I assume both sides won’t adopt the opinion expressed here. Nevertheless, I believe this nasty affair should be treated in a less sensational and much more sensible manner. The attorney general should turn to the Netanyahus publicly and suggest they reach a reasonable financial agreement to end the affair. Several times in the past, after their lawyer rushed to issue aggressive statements, the couple found a financial way to escape their problems. The hand that currently finds it difficult to reach the wallet could go a long way once it encounters the fear of another state witness who, intimidated by the smell of Lysol in prison, decides to open his mouth.
The decision to create a distinction between Sara Netanyahu and her husband, to indict her without even mentioning him, is even more amazing. This appears to be a consistent policy adopted by the State Attorney’s Office: When it comes to housework, the husband has no responsibility. He didn’t see, he didn’t know. The entire blame is placed on the woman. Former Attorney General Yehuda Weinstein didn’t notice the illegal worker cleaning his home, former Prime Minister and Defense Minister Ehud Barak didn’t notice the maid.

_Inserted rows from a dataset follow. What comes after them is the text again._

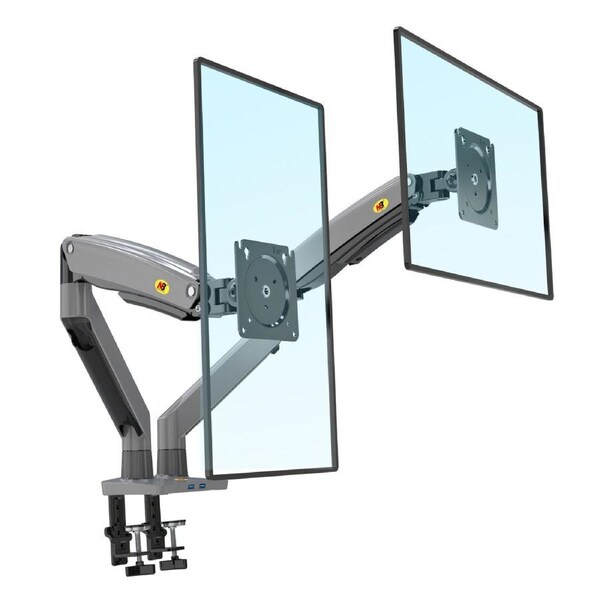 NB G75 Dual Screen Desktop Monitor Mount 3-12kg per arm 22"-32" - Gunmetal Grey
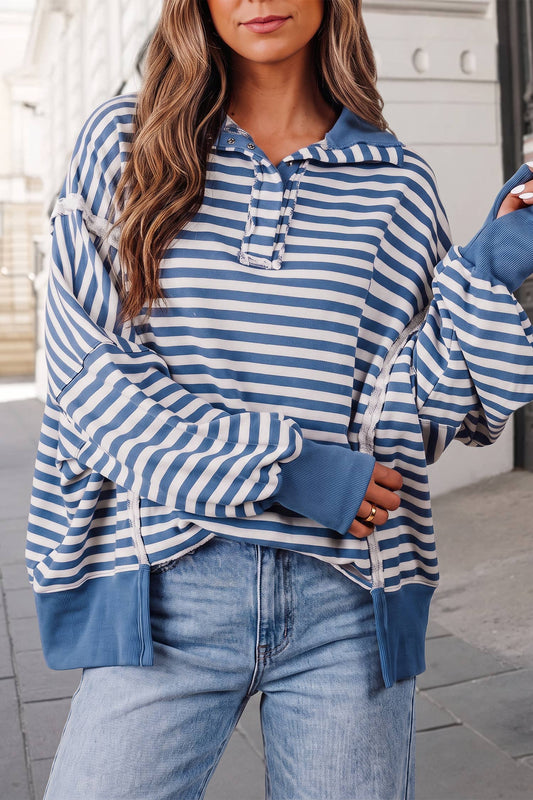 Striped Print Split Hem  Oversized Sweatshirt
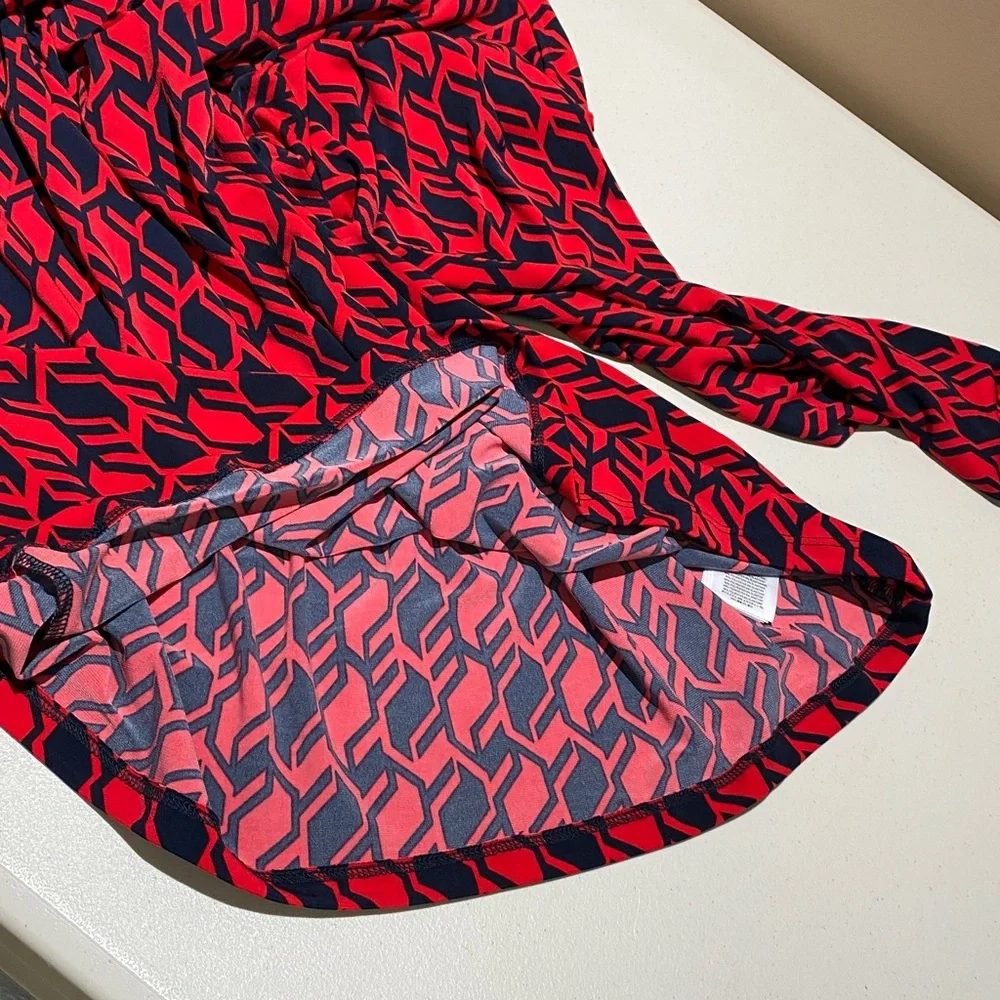 Michael Michael Kors Blouse Top Size L Red Navy Geometric Print Tie Neck - Picture 11 of 11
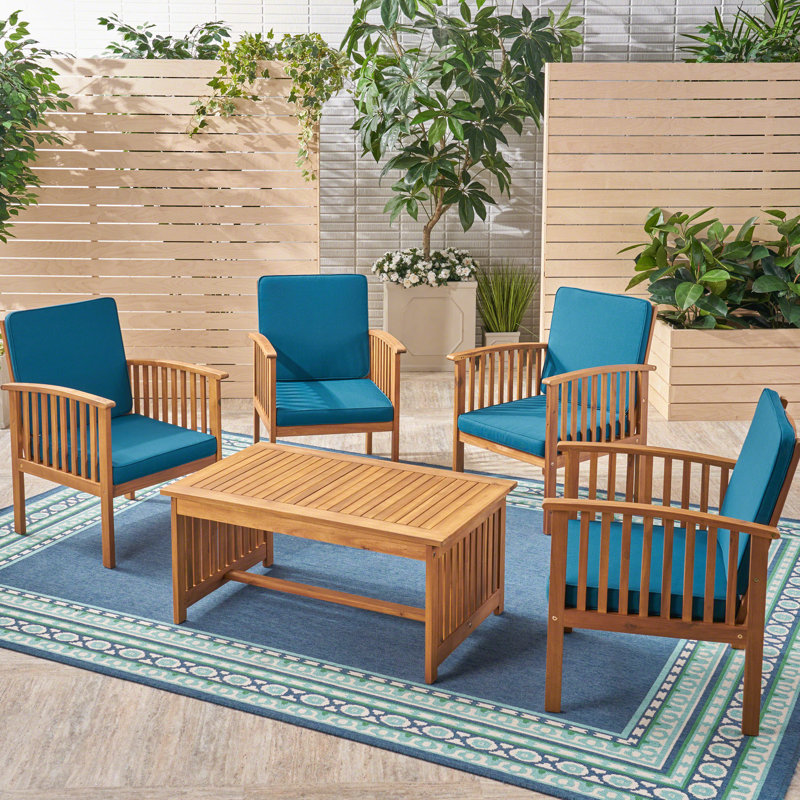 Ensemble de conversation d'extérieur avec coussins 5 pièces, Structure brune / coussins sarcelle foncé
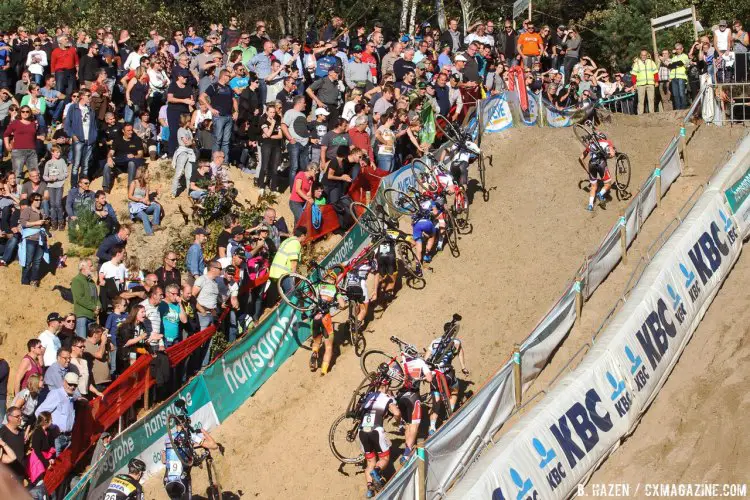 The first run-up on the first lap - the last time most of the field saw van der Poel and van Aert. 2016 Superprestige Zonhoven - men's race. © Bart Hazen / Cyclocross Magazine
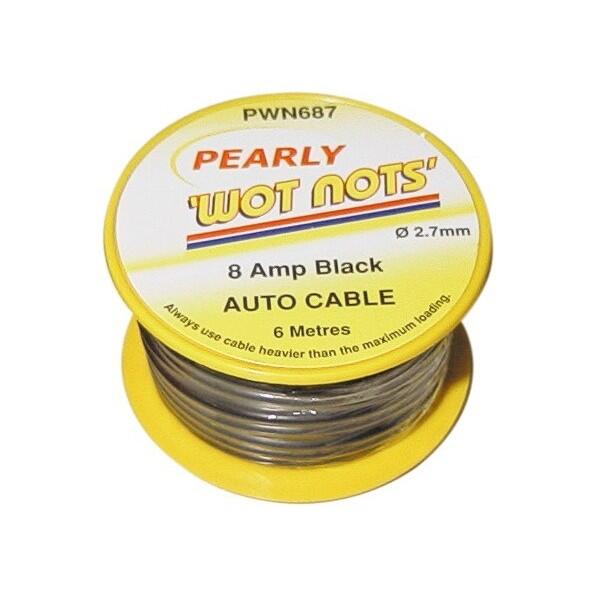 wot-nots - 1 Core Cable - Black - 6m - 8A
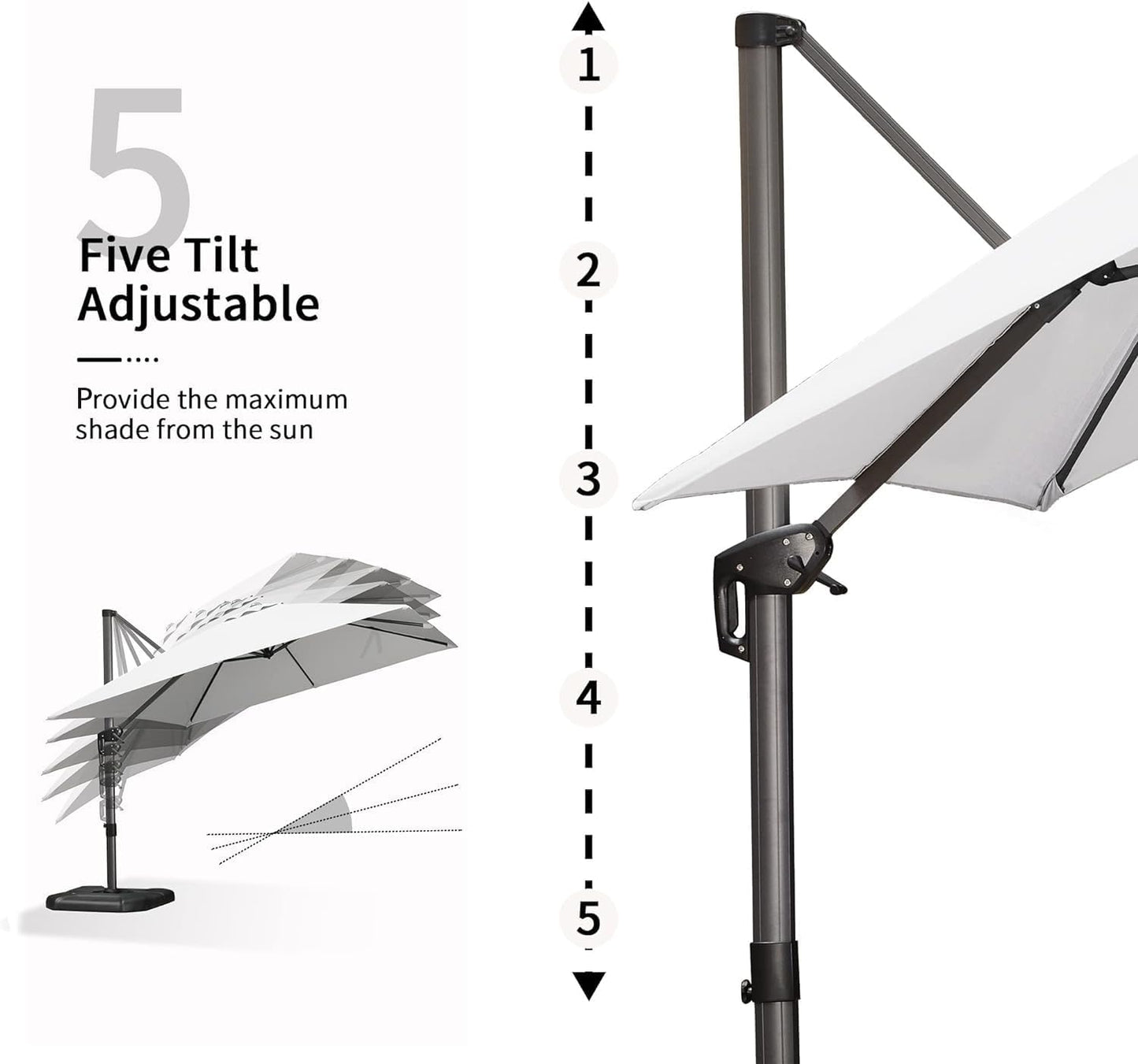 PURPLE LEAF 9' X 11.5' Patio Umbrella Outdoor Cantilever Rectangle Umbrella Aluminum Offset Umbrella with 360-degree Rotation for Garden Deck Pool Patio, White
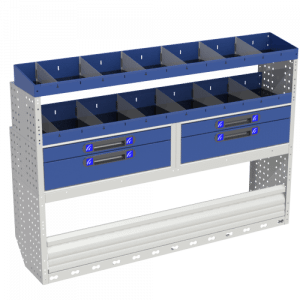 Module Comfort qui comprend : un couvre passage de roue avec porte de fermeture deux étagères avec tiroirs et bacs porte-conteneurs amovibles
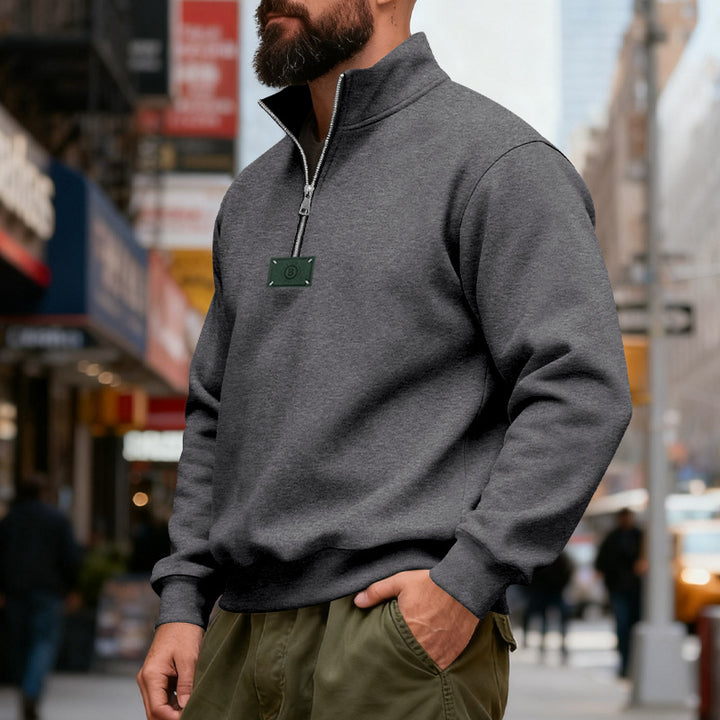 Herren nan hochgeschlossener Quarterzip-Sweatshirt aus schwerem Baumwollfleece mit Stehkragen Echo Archiv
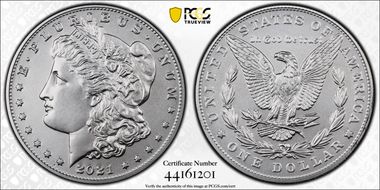 2021 $1 Morgan Dollar 100th Anniversary First Strike MS70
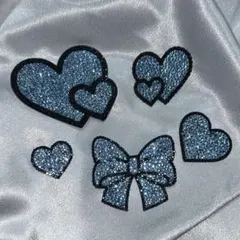 うちわデコ パーツ ラインストーン リボン ハート 水色 青 5点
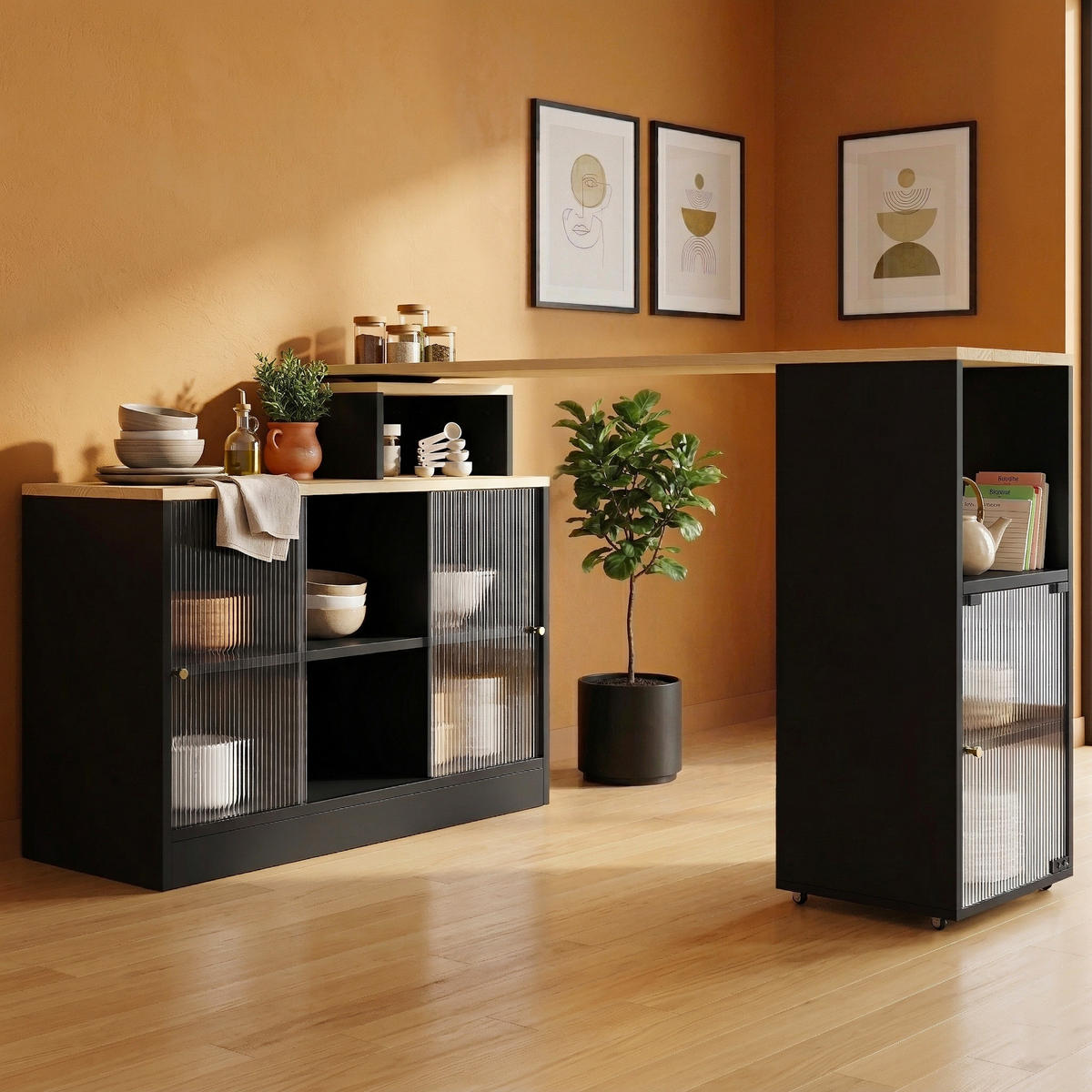 KUCHYŇSKÝ OSTRŮVEK rozkládací 170 cm, černý, otočný, skleněná dvířka - černá, kompozitní dřevo (115/60/100cm) - Urban Meuble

The State Attorney’s Office has quite a few strong-minded women who believe in gender equality, yet the blame is exclusively placed on the women. The women are crooks. The men are innocent. Netanyahu didn’t know about his cousins and lawyers who were expected to make a considerable profit from his decisions in the submarine affair, he didn’t know where the gourmet meals that suddenly landed on his table came from, but he did know every detail about his former housekeeper, Meni Naftali. It’s not just groundless, it’s unintelligent.
If there’s any political meaning in the indictment against Sara Netanyahu, it’s the exact opposite of what the couple’s critics seek to achieve. It allows both of them to keep inflaming the feeling among the right-wing public that they are victims. The victimization work exists not only in Netanyahu’s base in the Likud party, but also among many voters of the Bayit Yehudi, Shas, Kulanu and Yesh Atid parties. The victimization is pretension, it’s fake news. Nevertheless, many believe in it. The couple believes in it too. It’s the secret of their persuasion power.